TASK — The result should be the lines from the one holding "this 640×480 image." to the final line of the records below, repeated exactly and with no pictures.
Start of PROVIDED MATERIAL
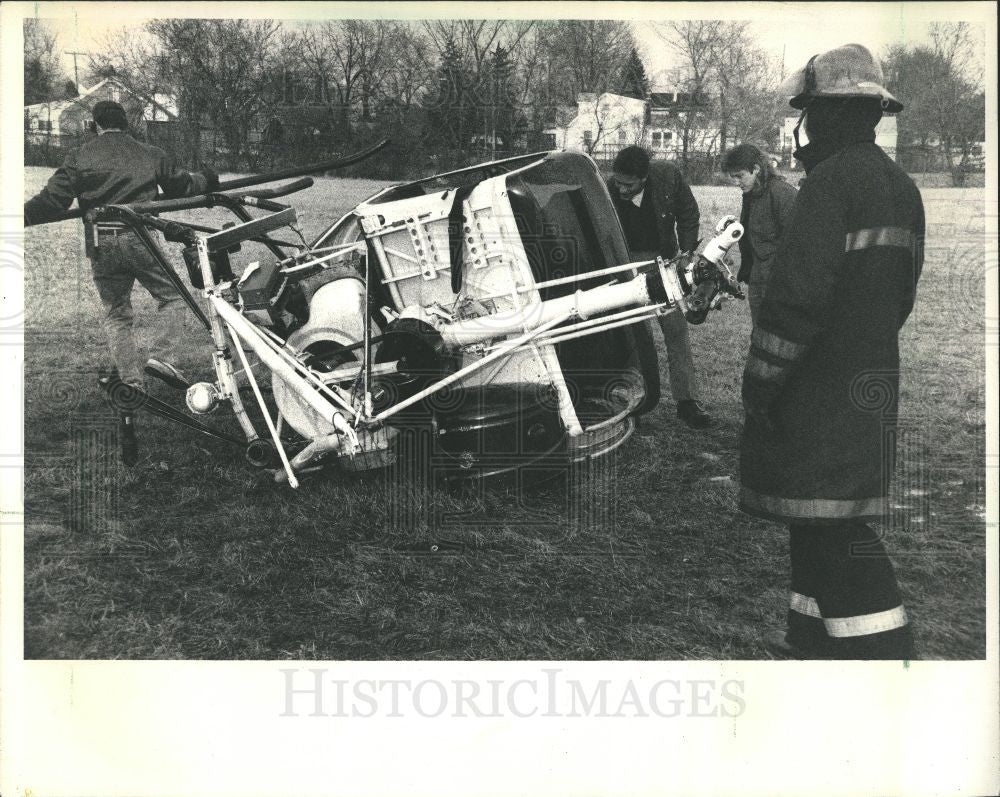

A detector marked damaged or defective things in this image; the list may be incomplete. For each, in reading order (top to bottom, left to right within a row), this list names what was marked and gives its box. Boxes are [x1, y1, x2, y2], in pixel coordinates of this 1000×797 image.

crashed helicopter [47, 146, 748, 488]
damaged landing skid [95, 149, 744, 486]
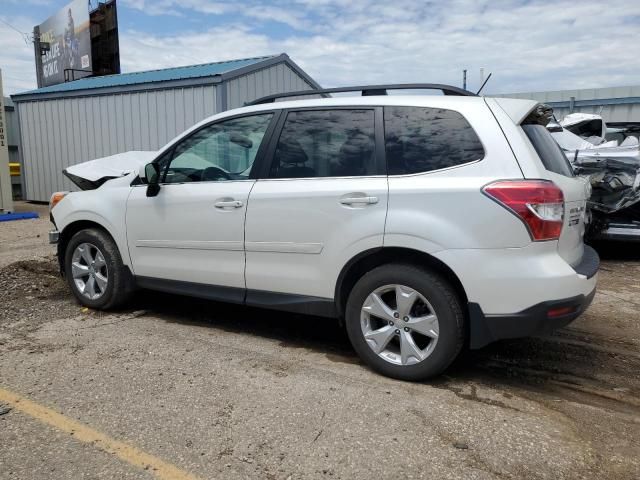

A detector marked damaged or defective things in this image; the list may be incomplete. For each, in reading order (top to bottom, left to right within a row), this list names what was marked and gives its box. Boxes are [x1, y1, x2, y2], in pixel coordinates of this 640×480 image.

damaged car in background [544, 111, 640, 240]
wrecked vehicle [544, 114, 640, 242]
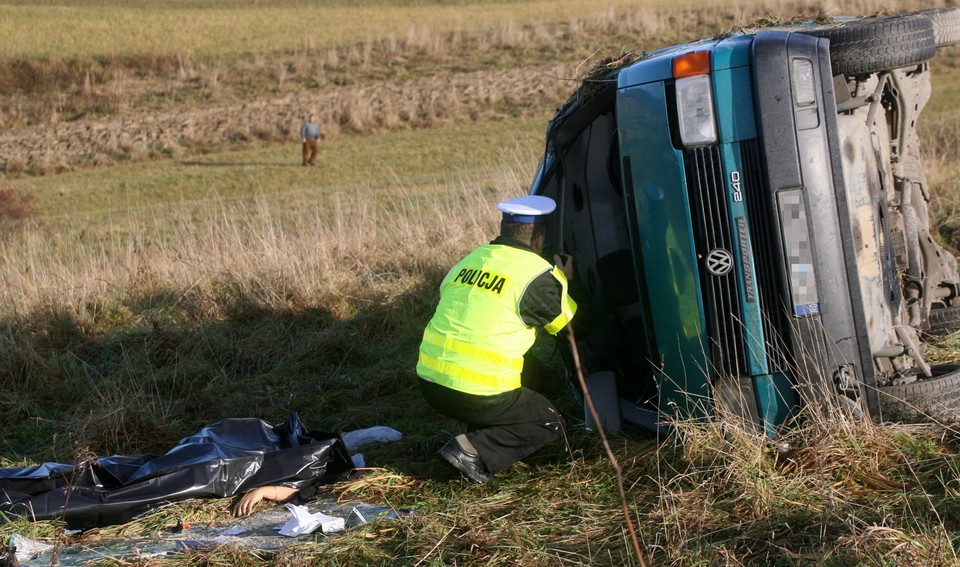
End of PROVIDED MATERIAL
RESPONSE BOX —
A detector marked damaged or defective things in this image; the list may be incomplete. For each, in reading order (top to bottom, left to right within a row), this list names what was marked and gives its box. Boxes are [x1, y1, x2, y2], in pixel coordinates of this 640×480 image.

damaged car in background [544, 111, 640, 240]
wrecked vehicle [544, 114, 640, 242]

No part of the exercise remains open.